**EXERCISE BRIEF**
Could you give back exactly the lines below from the one with "Figure 108131991-A0202-12-0120-62" through the one with "Madison Park Bathroom", without a single picture?

**SOURCE MATERIAL**
Start of Block
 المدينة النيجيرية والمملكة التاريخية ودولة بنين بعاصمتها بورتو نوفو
End of Block
Start of Block
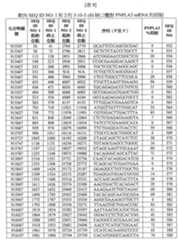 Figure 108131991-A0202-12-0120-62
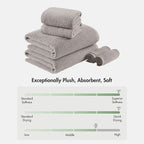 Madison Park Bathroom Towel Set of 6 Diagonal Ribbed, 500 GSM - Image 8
End of Block
**RESULT OF THE TASK**
 Figure 108131991-A0202-12-0120-62
 Madison Park Bathroom Towel Set of 6 Diagonal Ribbed, 500 GSM - Image 8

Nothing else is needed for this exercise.